Furthermore, a three-way repeated-measures ANOVA was conducted to assess the interaction effect of MW × EMP × time on AELs after exposure. There was no statistically significant interaction effect among MW, EMP and time on AELs (p > 0.05, Fig. 3). No significant simple two-way interaction between EMP and MW, EMP and time, or MW and time was observed (p > 0.05, p > 0.05 or p > 0.05, Fig. 3, respectively).
Brain oscillations in rats altered after single and combined exposure to MW and EMP radiation
To assess the changes in brain oscillations of rats that were associated with learning and memory ability, the powers of α, β, θ, and δ waves were recorded at 1 d, 7 d, and 14 d after exposure. In comparison with the Sham group, MW, EMP and EMP + MW exposure significantly decreased the power of the α wave at 1 d (p < 0.01, p < 0.05 or p < 0.01, respectively, Fig. 4 A).
Compared with the MW group, no significant changes in brain oscillations were found after EMP + MW exposure (p > 0.05, Fig. 4 A-D). Compared with the EMP group, the EMP + MW group did not show significant differences in brain oscillations after exposure (p > 0.05, Fig. 4 A-D).
Three-way repeated-measures ANOVA was conducted to assess the interaction effect of MW × EMP × time on the powers of α, β, θ, and δ waves after exposure. There was no significant interaction effect between MW, EMP and time on the powers of α, β, θ, and δ waves after exposure (p > 0.05, Fig. 4 A-D). No significant simple two-way interaction between EMP and MW, EMP and time, or MW and time was observed (p > 0.05, p > 0.05 or p > 0.05, Fig. 4 A-D, respectively).
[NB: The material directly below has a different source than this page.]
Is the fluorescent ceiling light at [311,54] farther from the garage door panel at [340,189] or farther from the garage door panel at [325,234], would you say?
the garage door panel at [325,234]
Pathological injuries of the hippocampus in rats caused by single and combined exposure to MW and EMP radiation
To assess the effect of MW and EMP-induced microstructural injuries of the hippocampus, we performed HE staining in the rat hippocampus at 1 d after exposure. Regarding the results of HE staining, compared with the Sham group, all exposure groups showed obvious damage in the hippocampus after exposure (Fig. 5). The microstructural injury changes in the hippocampus included karyopyknosis and irregular arrangement of neurons around the dentate gyrus (DG) area of the hippocampus. The count of deeply stained neuron nuclei was used to quantitatively analyse hippocampal microstructural damage. Compared with the MW or EMP group, increased counts of deeply stained neuron nuclei were observed in the EMP + MW group (p < 0.01 or p < 0.05, Fig. 5, respectively). Two-way ANOVA was implemented to detect the interaction effect of MW × EMP on the microstructural changes following exposure. There was no significant interaction effect between MW and EMP after exposure (p > 0.05).
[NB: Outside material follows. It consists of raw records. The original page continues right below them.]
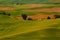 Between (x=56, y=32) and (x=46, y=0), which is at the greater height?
(x=56, y=32)

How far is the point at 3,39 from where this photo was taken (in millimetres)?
15039

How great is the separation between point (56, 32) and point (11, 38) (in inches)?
177

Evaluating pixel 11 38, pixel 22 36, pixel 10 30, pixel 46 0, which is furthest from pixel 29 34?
pixel 46 0

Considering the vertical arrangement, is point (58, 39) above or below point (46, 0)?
above

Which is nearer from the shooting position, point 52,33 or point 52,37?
point 52,37

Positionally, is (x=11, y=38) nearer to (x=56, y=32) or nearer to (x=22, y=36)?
(x=22, y=36)

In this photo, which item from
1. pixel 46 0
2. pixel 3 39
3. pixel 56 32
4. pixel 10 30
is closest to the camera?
pixel 3 39

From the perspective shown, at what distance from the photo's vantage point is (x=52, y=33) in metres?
16.9

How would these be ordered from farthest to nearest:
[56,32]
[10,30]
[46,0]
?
1. [46,0]
2. [10,30]
3. [56,32]

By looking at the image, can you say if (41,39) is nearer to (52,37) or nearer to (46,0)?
(52,37)

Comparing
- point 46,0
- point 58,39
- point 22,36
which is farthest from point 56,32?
point 46,0

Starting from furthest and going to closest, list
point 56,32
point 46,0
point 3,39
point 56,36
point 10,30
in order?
point 46,0 → point 10,30 → point 56,32 → point 56,36 → point 3,39

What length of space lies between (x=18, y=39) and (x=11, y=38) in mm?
618

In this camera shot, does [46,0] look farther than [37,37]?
Yes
The ultrastructural changes in the rat hippocampus were observed by TEM at 1 d after exposure. As shown in Fig. 6 C-H, compared with the Sham group, obvious ultrastructural damage to the hippocampus was found in the MW, EMP, and EMP + MW groups. The injury changes showed abnormal hippocampal neurons, including swollen mitochondria, reduced numbers of mitochondrial cristae, and blurred synaptic clefts. The most serious damage was found in the EMP + MW group.
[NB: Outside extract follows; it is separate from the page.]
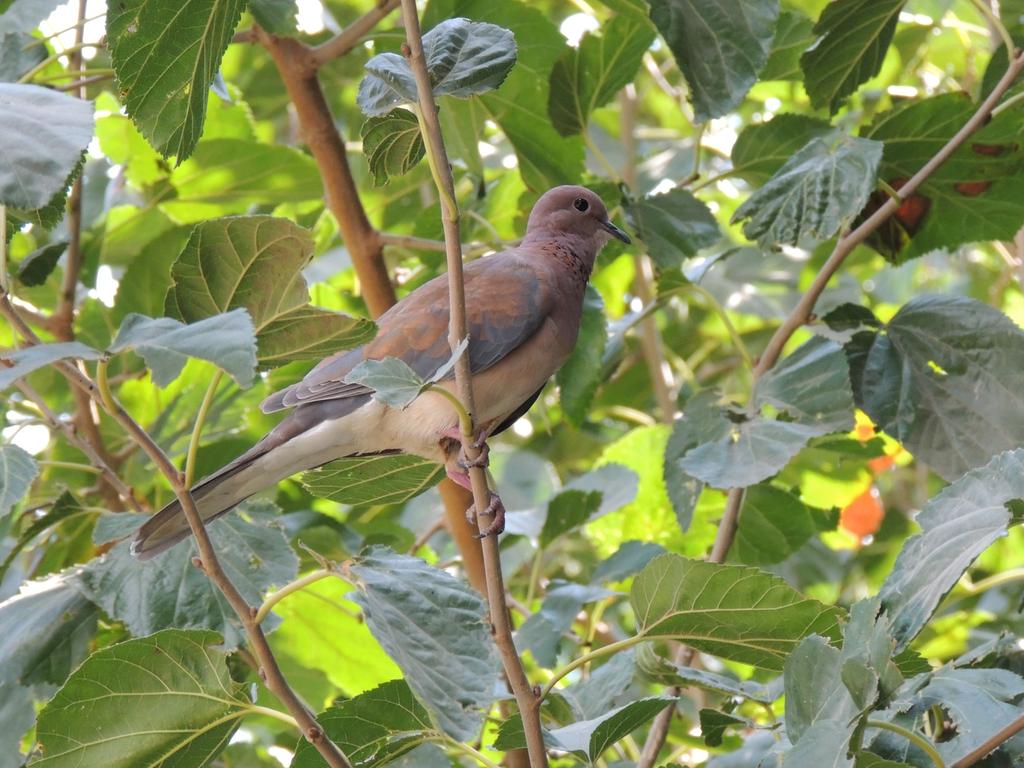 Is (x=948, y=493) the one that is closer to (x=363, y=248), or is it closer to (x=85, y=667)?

Changes in ferroptosis hallmarks in the rat hippocampus induced by single and combined exposure to MW and EMP radiation
To estimate the association between ferroptosis and hippocampal injury after exposure, the putative biomarkers of ferroptosis, including Fe2+, MDA, PTGS2 mRNA, and GPX4 protein, were detected in the hippocampus. In comparison with the Sham group, (1) MW exposure caused significantly increased levels of Fe2+ (p < 0.01, Fig. 7 A) and MDA (p < 0.01, Fig. 7 B) and elevated expression of PTGS2 mRNA (p < 0.05, Fig. 7 C) as well as decreased expression of GPX4 protein (p < 0.05, Fig. 7 D); (2) EMP exposure also significantly increased levels of Fe2+ (p < 0.05, Fig. 7 A) and MDA (p < 0.05, Fig. 7 B) and elevated expression of PTGS2 mRNA (p < 0.05, Fig. 7 C) as well as decreased GPX4 protein expression (p < 0.05, Fig. 7 D); and (3) MW and EMP combined exposure caused significantly increased levels of Fe2+ (p < 0.05, Fig. 7 A), MDA (p < 0.001, Fig. 7 B) and mRNA expression of PTGS2 (p < 0.05, Fig. 7 C) as well as decreased GPX4 protein expression (p < 0.01, Fig. 7D).
Compared with the MW group, no significant changes in Fe2+ (p > 0.05), MDA (p > 0.05), PTGS2 mRNA (p > 0.05) or GPX4 protein (p > 0.05) were found after EMP + MW exposure (Fig. 7). Compared with the EMP group, there were also no significant changes in Fe2+ (p > 0.05), MDA (p > 0.05), PTGS2 mRNA (p > 0.05) and GPX4 protein (p > 0.05) after EMP + MW exposure (Fig. 7).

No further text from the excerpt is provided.